• _Assignment_: For every line in the material below that holds "Volkswagen", report the line.

• _Data segment_:

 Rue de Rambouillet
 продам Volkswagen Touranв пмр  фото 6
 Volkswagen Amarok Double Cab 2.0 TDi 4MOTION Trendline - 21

• _Reply_:
 продам Volkswagen Touranв пмр  фото 6
 Volkswagen Amarok Double Cab 2.0 TDi 4MOTION Trendline - 21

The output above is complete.